For some time, we have employed a dual analytical framework for interpreting the actions of central banks. The first aspect concerns the nature of the monetary regime within which markets evolve. In other words, the decisions and communication of central banks together determine the trends in conventional variables such as economic growth, inflation, earnings growth, etc. The second aspect concerns the way in which the monetary regime created by central banks responds to three factors: desynchronisation, heterogeneity and non-cooperation. Desynchronisation because the Fed is gradually withdrawing from its programme of quantitative easing, while the ECB is beginning and the BoJ accentuating it. Heterogeneity because neither the ECB nor the BoJ share the style of monetary policy adopted by the Fed to guide market expectations (‘forward guidance’). Non-cooperation because central banks are making decisions without consulting each other, nor coordinating their efforts in the interests of the global economy.

Since 2009, these two aspects have been very positive for investors. Central bank action has been so powerful that equity markets soared – US stocks by over 200% as measured by the S&P 500 and European stocks by nearly 140% according to the Stoxx 600. Investors in sovereign bonds, meanwhile, owe a large measure of their performance to the fall in 10-year yields to well below their equilibrium level. The equilibrium is normally considered to equate to nominal GDP growth, suggesting that long-term US interest rates should be above 3.5%, compared with their 2%- 2.5% range since the beginning of the year.

In 2016, financial markets will scrutinise the words and actions of central banks with a similar obsession. Nevertheless, the behaviour of central banks may change and their role as a guiding star fade. Why? First, the timing of the initial monetary tightening by the Fed, probably of 25 basis points, is unclear. After some months of postponement, the date is highly speculative, creating a climate of pervasive uncertainty. This puts any upward trend in stock markets into question. The S&P 500 has risen a mere 2.7% in 2015, against an average of more than 18% annually between 2009 and 2014.

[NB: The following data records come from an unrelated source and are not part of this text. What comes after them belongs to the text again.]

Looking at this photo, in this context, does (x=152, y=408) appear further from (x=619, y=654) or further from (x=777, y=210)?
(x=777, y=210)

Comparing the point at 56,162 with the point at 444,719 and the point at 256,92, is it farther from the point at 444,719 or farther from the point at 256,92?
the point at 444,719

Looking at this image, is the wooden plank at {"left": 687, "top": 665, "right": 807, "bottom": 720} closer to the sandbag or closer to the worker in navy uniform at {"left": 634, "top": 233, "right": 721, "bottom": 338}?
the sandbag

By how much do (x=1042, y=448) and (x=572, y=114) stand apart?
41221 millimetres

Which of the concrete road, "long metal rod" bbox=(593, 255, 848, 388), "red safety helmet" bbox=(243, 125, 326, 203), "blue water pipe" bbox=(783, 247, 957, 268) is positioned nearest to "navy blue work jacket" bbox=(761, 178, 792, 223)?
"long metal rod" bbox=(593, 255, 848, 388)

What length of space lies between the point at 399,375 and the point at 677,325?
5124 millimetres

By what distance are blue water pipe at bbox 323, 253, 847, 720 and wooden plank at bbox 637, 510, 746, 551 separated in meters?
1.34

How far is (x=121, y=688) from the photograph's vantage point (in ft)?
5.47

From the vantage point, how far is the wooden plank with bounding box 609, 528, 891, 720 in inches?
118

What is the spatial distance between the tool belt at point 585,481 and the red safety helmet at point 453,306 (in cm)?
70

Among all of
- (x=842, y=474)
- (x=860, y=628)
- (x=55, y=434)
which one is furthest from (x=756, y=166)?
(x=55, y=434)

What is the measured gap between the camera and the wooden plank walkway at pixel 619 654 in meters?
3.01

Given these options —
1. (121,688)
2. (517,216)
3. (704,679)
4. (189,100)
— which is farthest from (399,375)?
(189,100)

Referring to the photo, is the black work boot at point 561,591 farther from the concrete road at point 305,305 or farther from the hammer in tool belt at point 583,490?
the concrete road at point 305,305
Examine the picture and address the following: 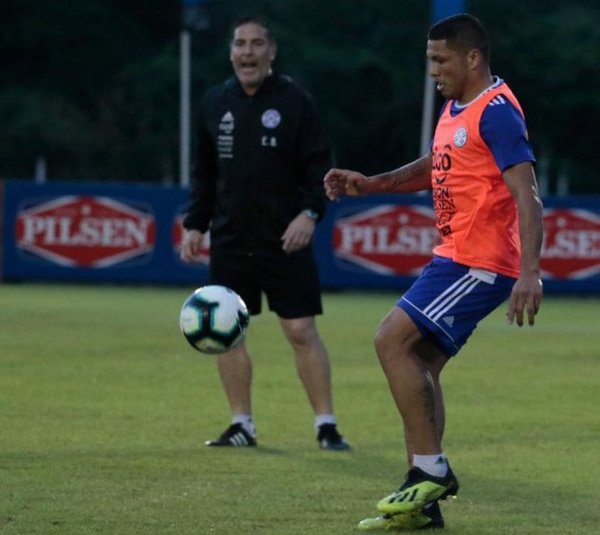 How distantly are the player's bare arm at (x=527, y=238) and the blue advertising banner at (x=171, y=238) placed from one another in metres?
18.2

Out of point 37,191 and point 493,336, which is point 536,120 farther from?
point 493,336

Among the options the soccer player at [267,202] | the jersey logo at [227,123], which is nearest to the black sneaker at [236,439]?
the soccer player at [267,202]

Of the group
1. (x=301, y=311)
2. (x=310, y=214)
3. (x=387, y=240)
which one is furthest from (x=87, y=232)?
(x=310, y=214)

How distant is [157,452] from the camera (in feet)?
31.2

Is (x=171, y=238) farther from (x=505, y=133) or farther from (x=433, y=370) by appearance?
(x=505, y=133)

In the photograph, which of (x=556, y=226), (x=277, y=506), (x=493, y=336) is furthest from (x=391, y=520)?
(x=556, y=226)

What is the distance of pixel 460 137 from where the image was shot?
7348 millimetres

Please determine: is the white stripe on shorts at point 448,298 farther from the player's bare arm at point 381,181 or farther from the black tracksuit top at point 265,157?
the black tracksuit top at point 265,157

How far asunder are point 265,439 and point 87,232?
16468 mm

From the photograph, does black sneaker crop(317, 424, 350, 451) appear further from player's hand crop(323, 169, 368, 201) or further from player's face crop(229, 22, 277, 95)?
player's hand crop(323, 169, 368, 201)

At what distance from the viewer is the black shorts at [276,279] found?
1009 centimetres

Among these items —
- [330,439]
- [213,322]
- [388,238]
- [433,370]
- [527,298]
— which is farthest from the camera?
[388,238]

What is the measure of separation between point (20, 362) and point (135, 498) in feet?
22.1

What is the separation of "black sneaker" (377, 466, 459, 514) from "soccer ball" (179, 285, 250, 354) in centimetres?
182
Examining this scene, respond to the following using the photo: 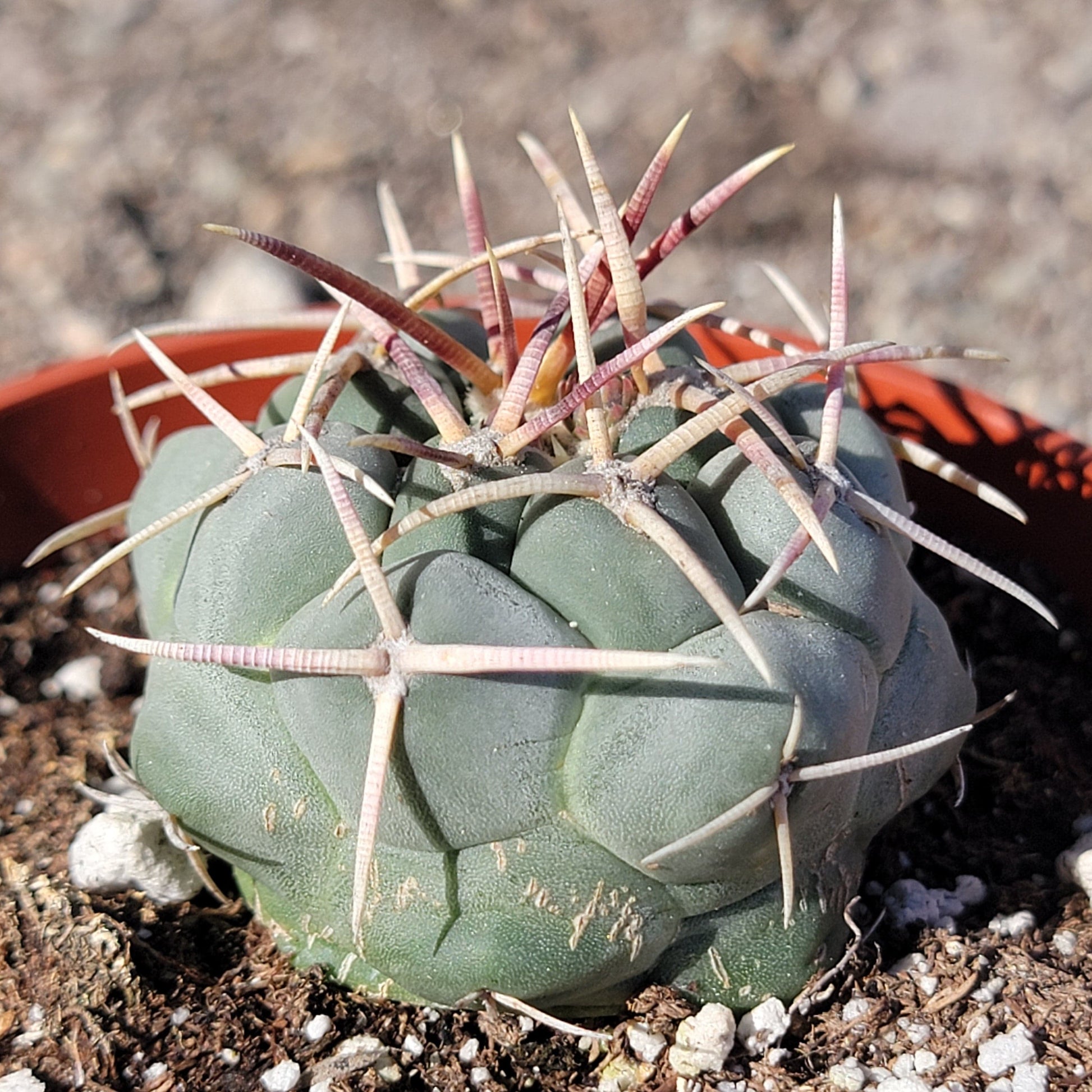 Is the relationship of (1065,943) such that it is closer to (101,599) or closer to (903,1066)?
(903,1066)

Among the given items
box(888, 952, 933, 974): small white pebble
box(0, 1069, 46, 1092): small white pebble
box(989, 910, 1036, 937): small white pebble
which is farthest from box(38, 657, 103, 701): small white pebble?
box(989, 910, 1036, 937): small white pebble

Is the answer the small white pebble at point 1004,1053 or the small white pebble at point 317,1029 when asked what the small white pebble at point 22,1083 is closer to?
the small white pebble at point 317,1029

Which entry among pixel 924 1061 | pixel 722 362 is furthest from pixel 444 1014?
pixel 722 362

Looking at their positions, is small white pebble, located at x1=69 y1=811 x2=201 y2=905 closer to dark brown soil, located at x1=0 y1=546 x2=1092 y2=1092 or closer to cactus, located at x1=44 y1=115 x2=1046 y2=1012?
dark brown soil, located at x1=0 y1=546 x2=1092 y2=1092

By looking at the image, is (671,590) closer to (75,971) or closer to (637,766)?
(637,766)

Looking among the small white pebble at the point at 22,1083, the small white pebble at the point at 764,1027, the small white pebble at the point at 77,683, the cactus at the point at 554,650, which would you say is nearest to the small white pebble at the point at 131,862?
the cactus at the point at 554,650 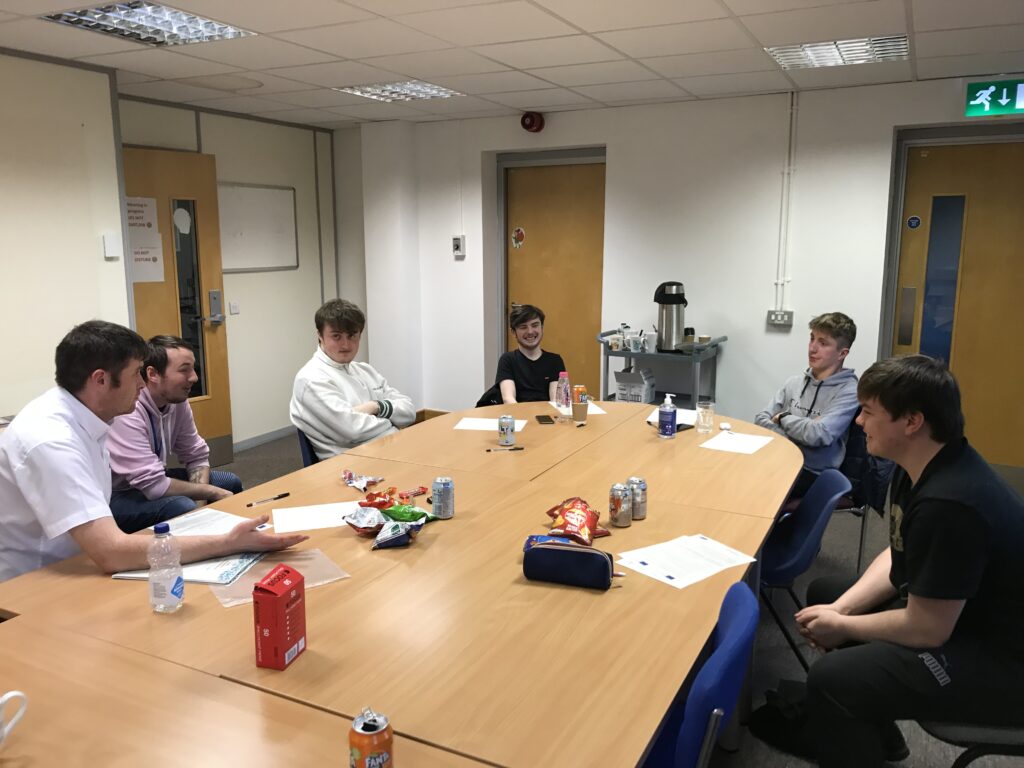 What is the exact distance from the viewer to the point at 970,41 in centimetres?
361

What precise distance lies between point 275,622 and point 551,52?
3.23 meters

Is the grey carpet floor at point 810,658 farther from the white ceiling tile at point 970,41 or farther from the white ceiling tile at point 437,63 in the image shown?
the white ceiling tile at point 437,63

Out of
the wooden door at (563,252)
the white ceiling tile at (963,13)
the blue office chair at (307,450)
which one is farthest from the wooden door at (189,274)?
the white ceiling tile at (963,13)

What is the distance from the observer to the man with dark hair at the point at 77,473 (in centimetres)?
195

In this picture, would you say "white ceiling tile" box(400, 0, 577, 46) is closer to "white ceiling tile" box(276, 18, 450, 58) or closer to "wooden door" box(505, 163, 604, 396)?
"white ceiling tile" box(276, 18, 450, 58)

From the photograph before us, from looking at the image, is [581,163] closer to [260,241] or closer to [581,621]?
[260,241]

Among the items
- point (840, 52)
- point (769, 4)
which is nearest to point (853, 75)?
point (840, 52)

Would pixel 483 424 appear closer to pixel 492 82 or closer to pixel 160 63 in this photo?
pixel 492 82

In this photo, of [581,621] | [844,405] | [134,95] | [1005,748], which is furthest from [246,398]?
[1005,748]

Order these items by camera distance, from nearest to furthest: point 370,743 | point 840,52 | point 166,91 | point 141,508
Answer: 1. point 370,743
2. point 141,508
3. point 840,52
4. point 166,91

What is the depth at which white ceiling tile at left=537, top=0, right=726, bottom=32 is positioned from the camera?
3090 mm

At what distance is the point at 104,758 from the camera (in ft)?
4.17

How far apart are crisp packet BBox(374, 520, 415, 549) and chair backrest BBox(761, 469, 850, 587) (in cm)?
128

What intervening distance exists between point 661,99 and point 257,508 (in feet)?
13.0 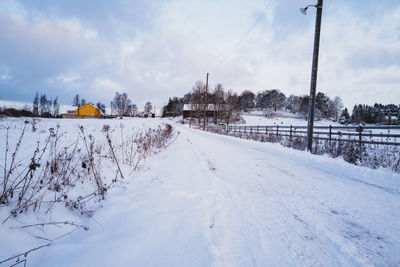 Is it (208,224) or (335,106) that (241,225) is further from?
(335,106)

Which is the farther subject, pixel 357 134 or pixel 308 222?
pixel 357 134

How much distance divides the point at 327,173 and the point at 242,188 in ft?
8.33

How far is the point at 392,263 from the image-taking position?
1300 mm

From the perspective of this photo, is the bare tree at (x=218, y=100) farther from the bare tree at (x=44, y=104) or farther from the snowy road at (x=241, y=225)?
the bare tree at (x=44, y=104)

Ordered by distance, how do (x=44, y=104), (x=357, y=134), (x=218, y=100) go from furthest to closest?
1. (x=44, y=104)
2. (x=218, y=100)
3. (x=357, y=134)

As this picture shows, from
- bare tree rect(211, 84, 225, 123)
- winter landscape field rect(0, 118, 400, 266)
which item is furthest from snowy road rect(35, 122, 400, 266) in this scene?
bare tree rect(211, 84, 225, 123)

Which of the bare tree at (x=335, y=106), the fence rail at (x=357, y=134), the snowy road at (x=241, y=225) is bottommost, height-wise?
the snowy road at (x=241, y=225)

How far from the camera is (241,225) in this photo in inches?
68.8

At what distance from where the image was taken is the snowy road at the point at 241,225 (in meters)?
1.31

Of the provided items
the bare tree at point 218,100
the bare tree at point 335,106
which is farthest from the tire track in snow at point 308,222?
the bare tree at point 335,106

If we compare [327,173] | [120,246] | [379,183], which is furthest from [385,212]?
[120,246]

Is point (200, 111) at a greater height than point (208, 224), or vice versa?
point (200, 111)

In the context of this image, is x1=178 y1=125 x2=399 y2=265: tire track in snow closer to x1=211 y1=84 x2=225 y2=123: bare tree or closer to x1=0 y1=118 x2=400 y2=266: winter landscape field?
x1=0 y1=118 x2=400 y2=266: winter landscape field

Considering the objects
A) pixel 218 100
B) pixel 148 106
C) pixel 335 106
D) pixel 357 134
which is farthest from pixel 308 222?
pixel 148 106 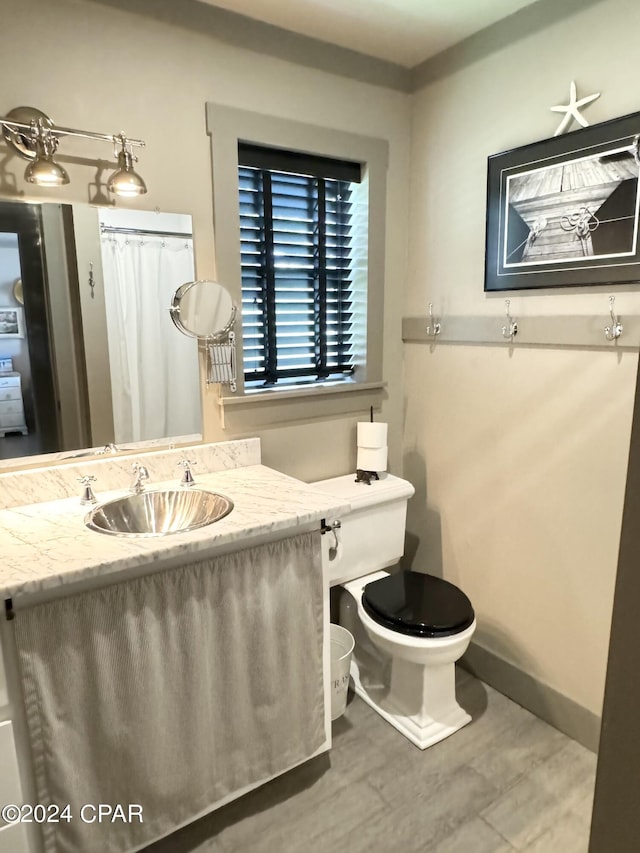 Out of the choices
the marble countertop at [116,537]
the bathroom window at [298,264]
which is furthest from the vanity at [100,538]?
the bathroom window at [298,264]

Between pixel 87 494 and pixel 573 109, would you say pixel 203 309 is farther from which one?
pixel 573 109

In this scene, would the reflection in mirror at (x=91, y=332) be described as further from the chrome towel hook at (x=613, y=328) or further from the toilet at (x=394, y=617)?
the chrome towel hook at (x=613, y=328)

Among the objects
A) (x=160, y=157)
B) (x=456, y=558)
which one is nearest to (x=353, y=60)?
(x=160, y=157)

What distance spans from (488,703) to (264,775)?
3.03ft

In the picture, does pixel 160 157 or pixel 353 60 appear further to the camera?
pixel 353 60

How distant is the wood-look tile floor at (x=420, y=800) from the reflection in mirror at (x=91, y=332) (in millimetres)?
1166

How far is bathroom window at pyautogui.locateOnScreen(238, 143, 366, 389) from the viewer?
1997mm

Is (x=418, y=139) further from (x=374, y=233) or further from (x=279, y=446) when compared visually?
(x=279, y=446)

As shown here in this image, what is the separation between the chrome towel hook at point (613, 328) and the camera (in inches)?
62.4

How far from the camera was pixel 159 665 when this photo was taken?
1318 mm

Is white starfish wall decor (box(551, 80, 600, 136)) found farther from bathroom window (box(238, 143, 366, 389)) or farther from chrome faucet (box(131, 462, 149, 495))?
chrome faucet (box(131, 462, 149, 495))

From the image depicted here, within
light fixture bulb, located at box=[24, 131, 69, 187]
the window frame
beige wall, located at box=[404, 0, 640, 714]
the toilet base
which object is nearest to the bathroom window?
the window frame

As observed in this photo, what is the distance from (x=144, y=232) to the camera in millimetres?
1674

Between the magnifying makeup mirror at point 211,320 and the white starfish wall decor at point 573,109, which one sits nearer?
the white starfish wall decor at point 573,109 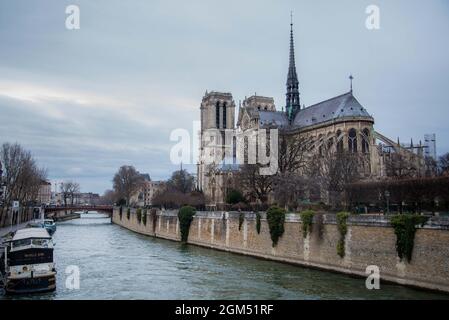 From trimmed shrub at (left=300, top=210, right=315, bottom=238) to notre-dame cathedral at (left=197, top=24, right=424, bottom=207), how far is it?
19.6 meters

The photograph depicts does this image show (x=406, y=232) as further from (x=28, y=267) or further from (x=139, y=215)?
(x=139, y=215)

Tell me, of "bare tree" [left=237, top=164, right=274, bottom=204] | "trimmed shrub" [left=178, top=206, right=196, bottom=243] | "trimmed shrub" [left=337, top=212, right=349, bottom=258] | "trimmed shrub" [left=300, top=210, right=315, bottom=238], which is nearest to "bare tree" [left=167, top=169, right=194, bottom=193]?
"bare tree" [left=237, top=164, right=274, bottom=204]

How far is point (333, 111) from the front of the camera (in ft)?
190

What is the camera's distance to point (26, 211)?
2648 inches

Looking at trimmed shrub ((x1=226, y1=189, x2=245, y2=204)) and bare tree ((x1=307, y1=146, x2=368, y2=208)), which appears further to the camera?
trimmed shrub ((x1=226, y1=189, x2=245, y2=204))

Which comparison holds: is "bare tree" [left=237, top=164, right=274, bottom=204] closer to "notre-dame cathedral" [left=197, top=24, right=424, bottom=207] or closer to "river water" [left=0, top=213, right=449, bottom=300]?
"notre-dame cathedral" [left=197, top=24, right=424, bottom=207]

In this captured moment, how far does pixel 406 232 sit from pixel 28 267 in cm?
1542

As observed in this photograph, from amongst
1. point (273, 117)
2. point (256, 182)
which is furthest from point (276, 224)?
point (273, 117)

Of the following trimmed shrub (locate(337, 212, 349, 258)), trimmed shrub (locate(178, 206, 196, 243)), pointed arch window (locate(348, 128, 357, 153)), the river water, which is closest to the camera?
the river water

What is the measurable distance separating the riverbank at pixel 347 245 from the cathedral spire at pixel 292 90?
118 feet

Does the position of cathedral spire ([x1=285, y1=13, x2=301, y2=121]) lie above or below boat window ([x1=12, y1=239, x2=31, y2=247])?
above

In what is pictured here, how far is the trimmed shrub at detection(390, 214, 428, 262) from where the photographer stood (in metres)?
19.8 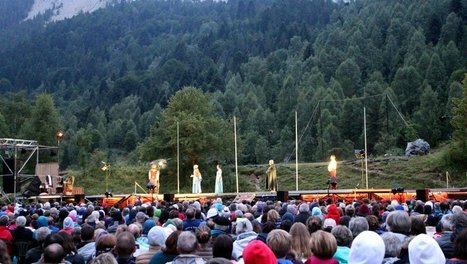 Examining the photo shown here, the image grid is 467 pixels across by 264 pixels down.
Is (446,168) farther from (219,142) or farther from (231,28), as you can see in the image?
(231,28)

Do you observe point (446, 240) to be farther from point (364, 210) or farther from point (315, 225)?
point (364, 210)

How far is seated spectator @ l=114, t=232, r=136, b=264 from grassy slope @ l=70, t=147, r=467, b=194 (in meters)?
36.7

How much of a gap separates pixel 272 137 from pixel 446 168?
144 ft

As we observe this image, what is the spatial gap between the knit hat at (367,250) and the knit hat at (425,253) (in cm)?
38

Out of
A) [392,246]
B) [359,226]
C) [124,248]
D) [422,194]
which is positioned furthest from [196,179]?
[392,246]

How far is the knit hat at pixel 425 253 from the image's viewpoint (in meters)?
5.33

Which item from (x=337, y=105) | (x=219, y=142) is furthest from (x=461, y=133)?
(x=337, y=105)

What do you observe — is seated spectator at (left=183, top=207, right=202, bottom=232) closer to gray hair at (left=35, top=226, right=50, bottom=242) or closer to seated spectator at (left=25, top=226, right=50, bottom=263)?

Moreover, the three factors of desynchronisation, heterogeneity and non-cooperation will continue to boost market volatility. While by early November the Stoxx 600 had risen by almost 13% in 2015, its year-to-date performances by April, August and September were 17%, 8% and 4%, respectively. Desynchronisation and non-cooperation in monetary policies together generate destabilising shocks to asset classes. Thus, the dollar appreciated by nearly 25% against the euro between the end of 2014 and the first quarter of 2015, while the currencies and bonds of emerging countries violently uncoupled during the summer.

Certainly, central banks will continue to give reassurance to financial markets. Certainly, despite desynchronisation, the massive liquidity injection will continue: we expect more than $1,400 billion in 2016. Certainly, none of the central banks wish to undermine the mechanisms which are reflating asset prices, and which have been an implicit objective of monetary policies since 2009. Nevertheless, they are likely to find it more difficult to guide markets with the same efficiency. Investors should therefore expect trends in asset classes to be significantly weaker and more volatile. In such an environment, we would emphasise once again that portfolio diversification is the most important yardstick of good investment. For the bolder investor, the ups and downs of the market should provide opportunities for tactical moves, and firms exhibiting strongest growth should offer the highest potential return.